I'm leaning much more towards Pex being the default, and then we have a safety valve of falling back to Poetry. Maybe we wait for a week's worth of dogfooding Poetry before changing.

That sounds kinda brittle. Would it make more sense for this to come from the config

I don't love it either. I don't think config is super viable though because it presumes that users are regenerating every single lock after they change an option like [python].lockfile_generator. There is no guarantee of that.

We can't rely on lockfile header telling us what to do because the header might not be there. Unless we do some complex scheme like assuming if the header is missing, it must not be PEX JSON, else look up metadata..But that breaks the spirit of [python].invalid_lockfile_behavior = ignore. Unclear if that option should exist if we decide to get rid of manually managed lockfiles, but in the meantime I think we want to be consistent with it.

Does this mean that Pants won't have the ability to know if the lockfile is "out of date"?

No because Pants will first parse and validate the header, and only then strip it right before passing to Pex.

jsirois commented 2 years ago

UX is important, but UX aside, Poetry is broken for users of Pants generally. It does work for cases that don't need certain aspects of [python-repos] as Eric Points out, or any of the other myriad corners Pip (and thus Pex) support. Apparently psycopg, for example can't be used properly unless your lock will never contain a wheel for it. You can do that with Pip / Pex by passing --no-binary psycopg but you can't do that with Poetry. So, hopefully we can all agree having something that actually works trumps UX. Apparent good UX built on top of a broken foundation just means you'll have a pleasant walk down the lane until you run into the Ogre, at which point you slam into reality and are fully without options.
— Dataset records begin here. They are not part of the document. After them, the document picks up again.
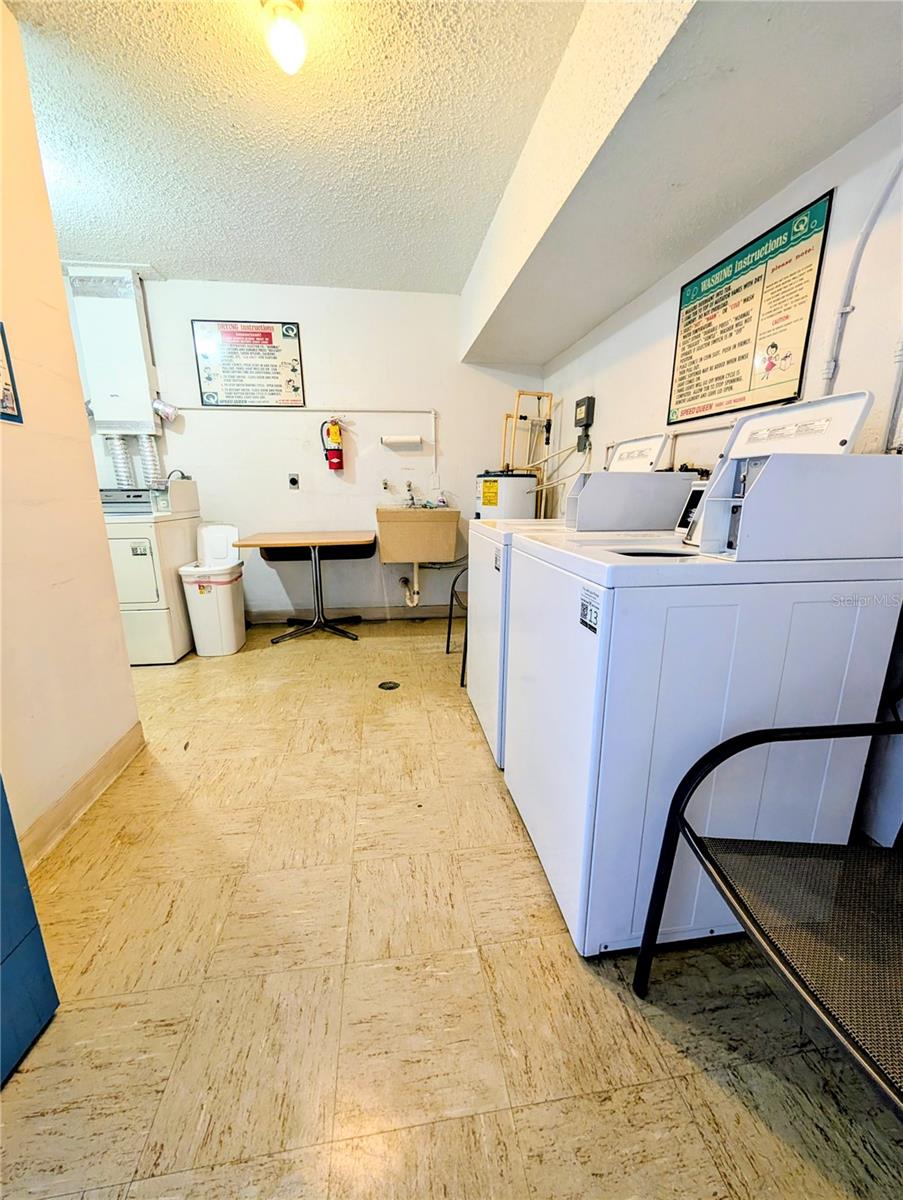 Image 30 of 35 For 333 Lake Howard Drive Nw 212a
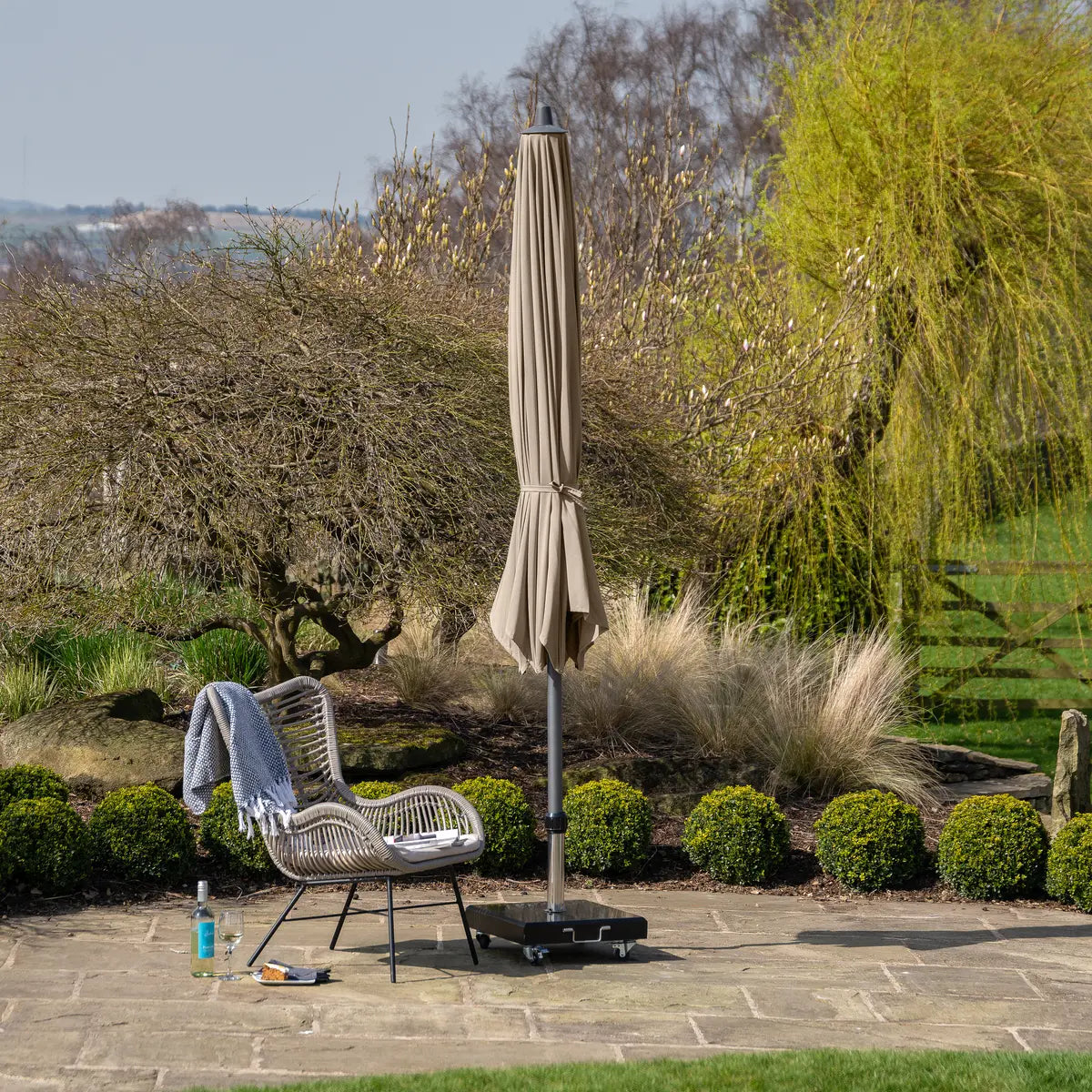 Platinum Riva 3.5m Round Centre Pole Parasol in Taupe – Click Style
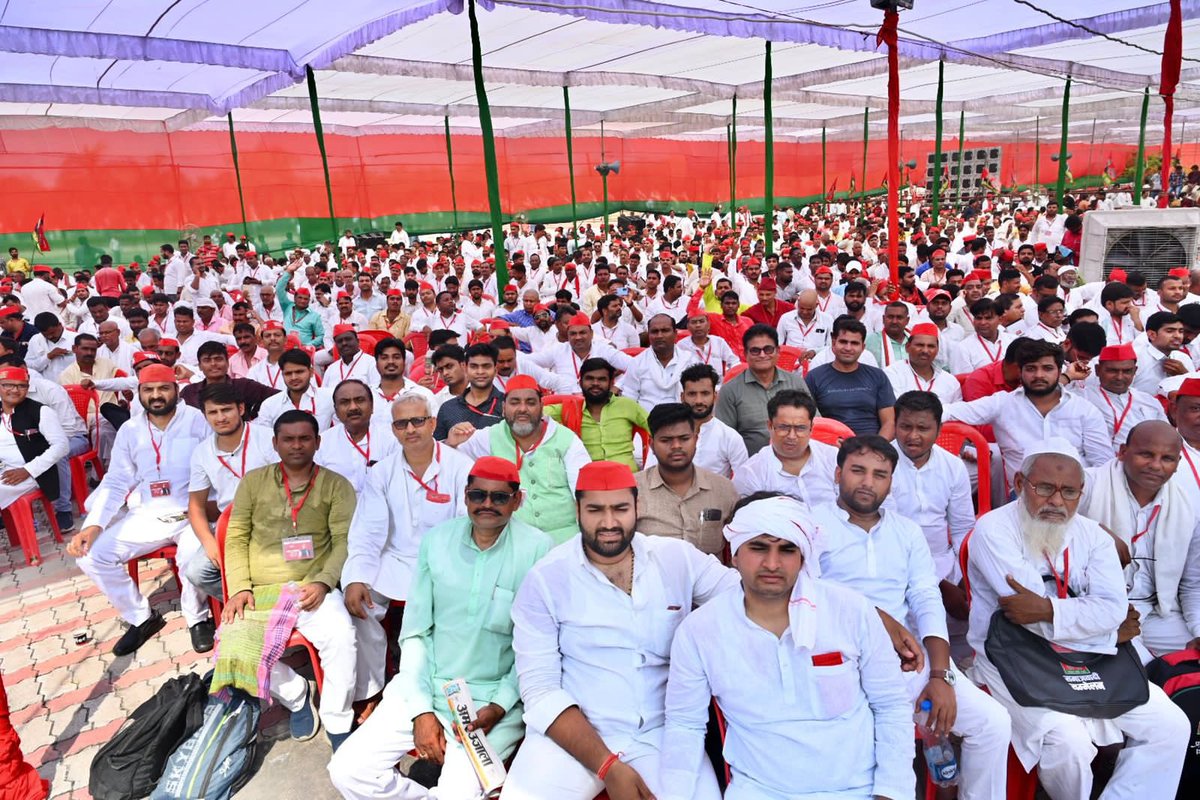 yadavakhilesh's tweet photo. समाजवादी पार्टी का 9 वां राज्य सम्मेलन। https://t.co/VV0beQM7rH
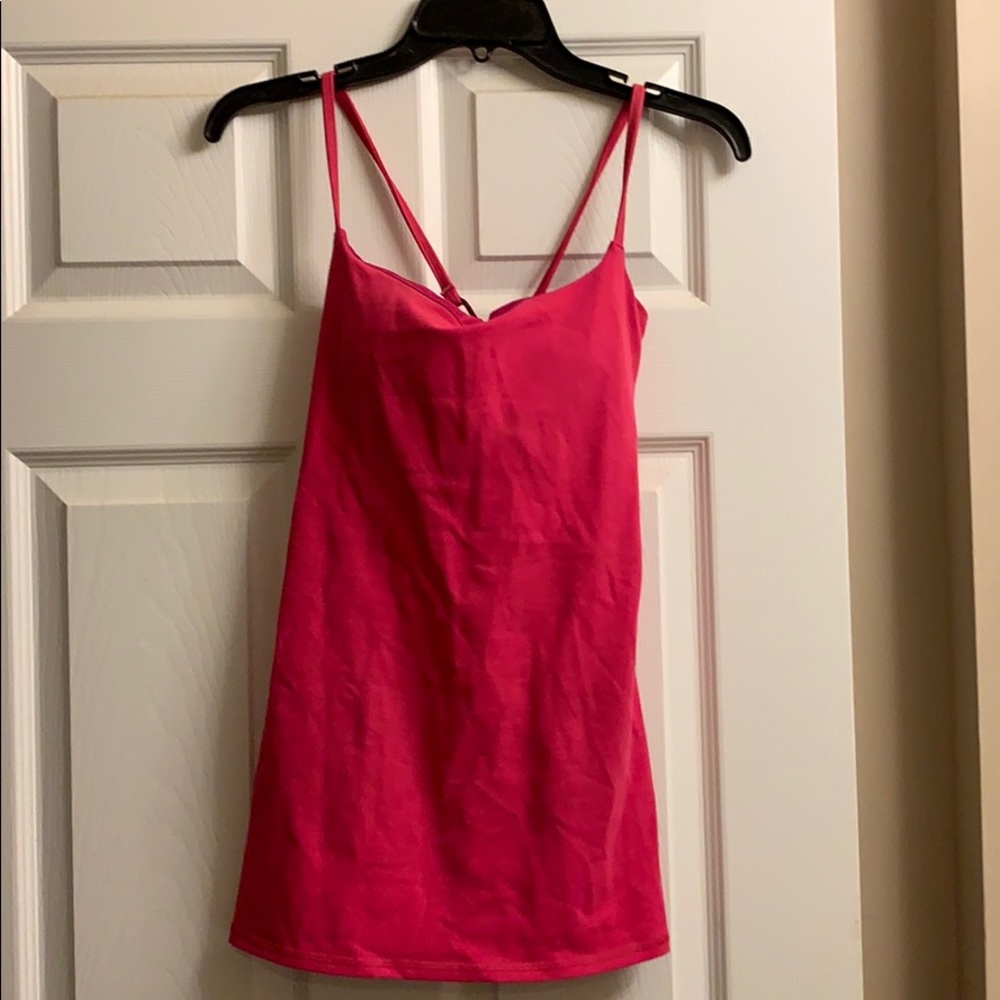 Lululemon tank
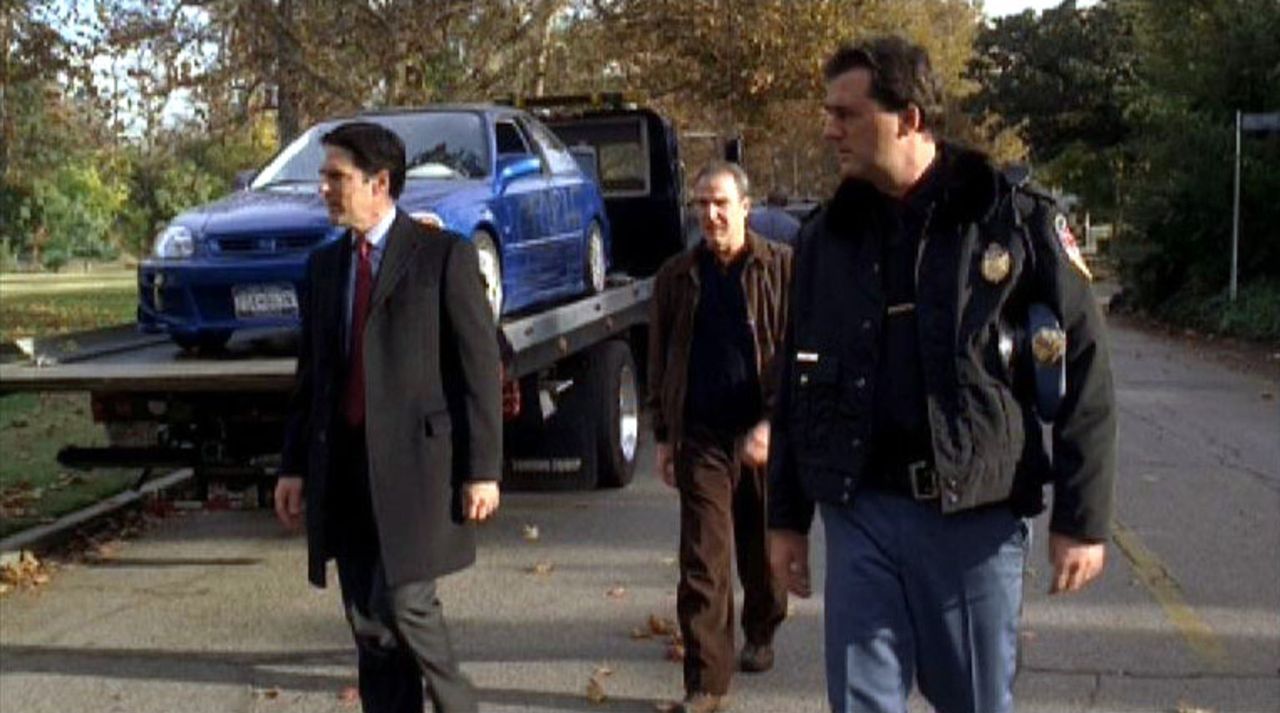 Die Special Agents Jason Gideon (Mandy Patinkin, Mitte) und Aaron 'Hotch' Hotchner (Thomas Gibson, l.) ermitteln zusammen mit Officer Cale (Shaun O'... - Bildquelle: Touchstone Television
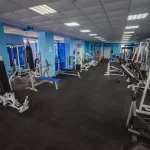 Занятия йогой, фитнесом в спортзале Ягуар Сочи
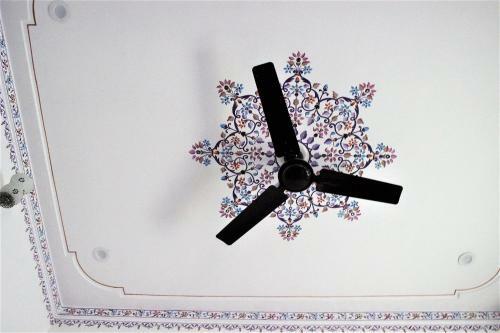 Hostal Rising Shemesh Home Stay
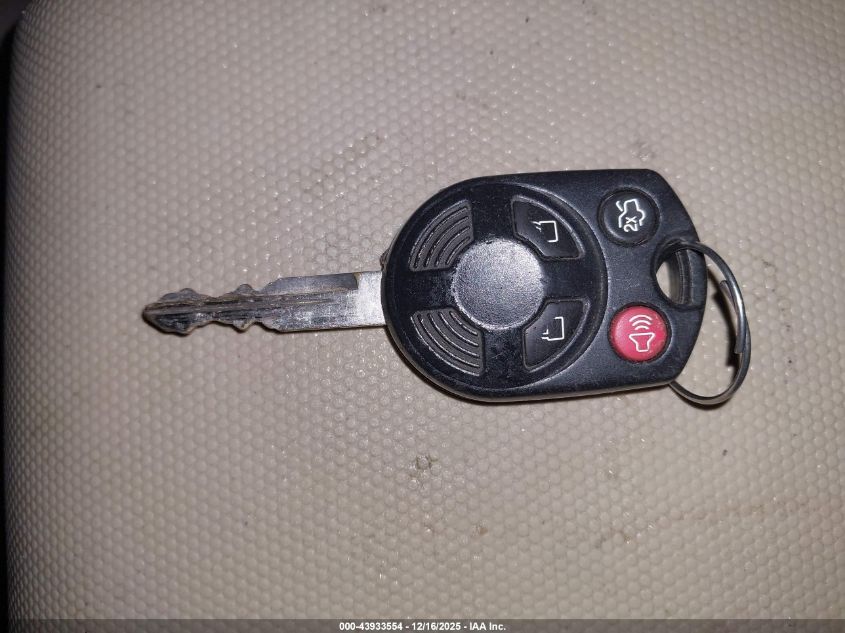 2008 Ford Escape Limited VIN: 1FMCU94158KC83404 Lot: 43933554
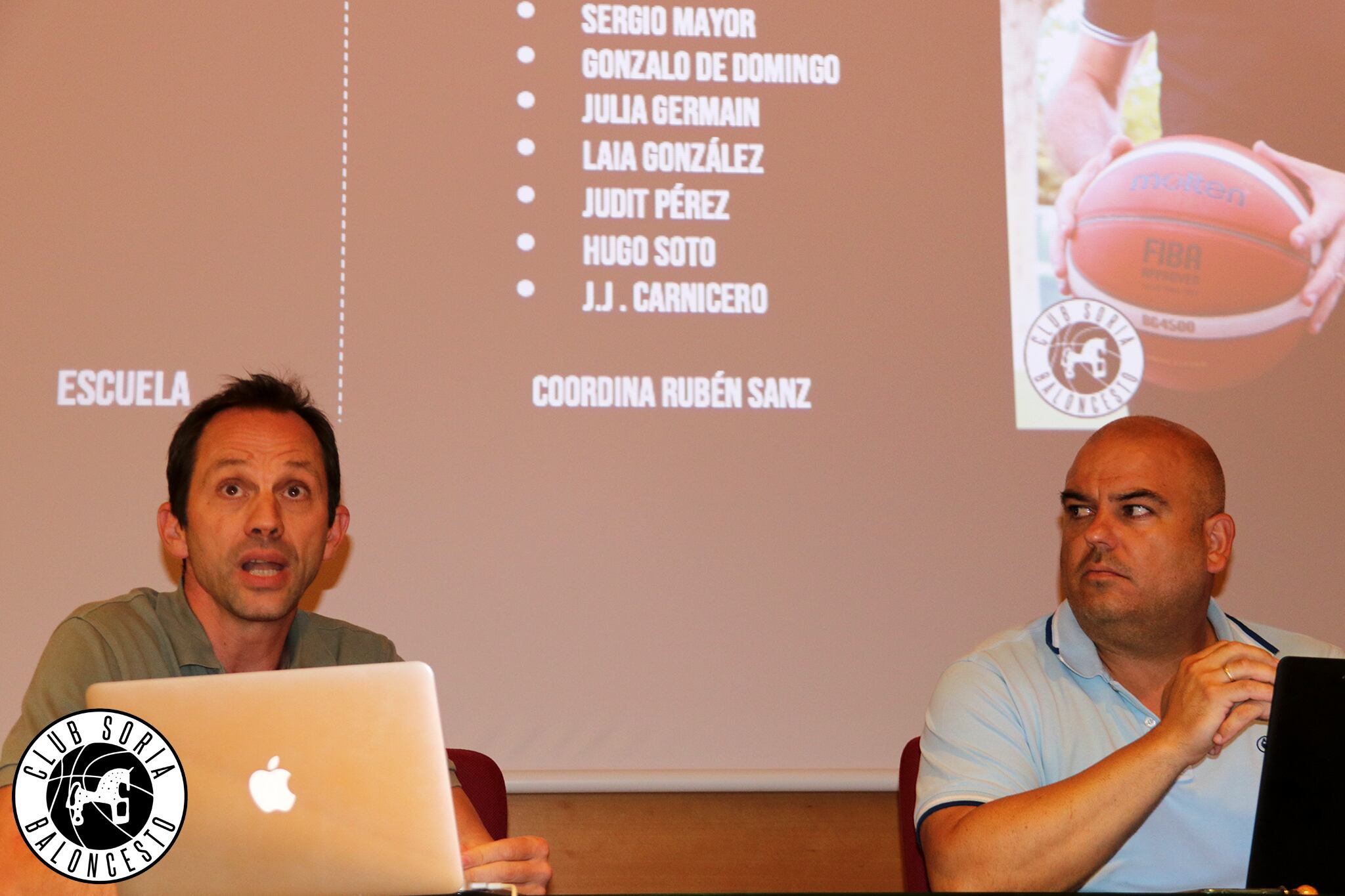 Rodrigo Gómez y Eduardo Martínez, en el curso de la Asamblea de Socios del CSB.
I think the only complicating factor here is that we released with Poetry and have tangles to deal with as a result - but only due to that, not due to Poetry actually being a viable solution here at all.

thejcannon commented 2 years ago

I should've been explicit. By better UX I meant a better experience for the users in not changing the default generator to one that hasn't been battle tested. Agreed PEX's lockfile experience is better overall.

thejcannon commented 2 years ago

I don't love it either. I don't think config is super viable though because it presumes that users are regenerating every single lock after they change an option like [python].lockfile_generator. There is no guarantee of that.

What's the utility of changing the value if it isn't being used? You could maybe argue that future lockfiles would use the new format, but maintaining both kinda seems niche.

You might be able to solve this problem (and I'd argue might be good UX anyways) to expose an easy way to convert my current txt file into PEX JSON while strictly maintaining pinned versions. If that existed the barrier for entry would be substantially lower, and wanting to maintain both Pip txt and PEX JSON can be a non-starter.

Eric-Arellano commented 2 years ago

What's the utility of changing the value if it isn't being used?

I can think of three instances:

Using Pantsbuild's default tool lockfiles that use Pex format, but using Poetry for yourself. (Although we could hack around this)
You want to roll out the upgrade incrementally. For example, only switch tool lockfiles for now because lower risk. Note that users can dynamically change the option, e.g. a generate_lockfiles script that sets the CLI flag
You update but simply don't realize you needed to regenerate.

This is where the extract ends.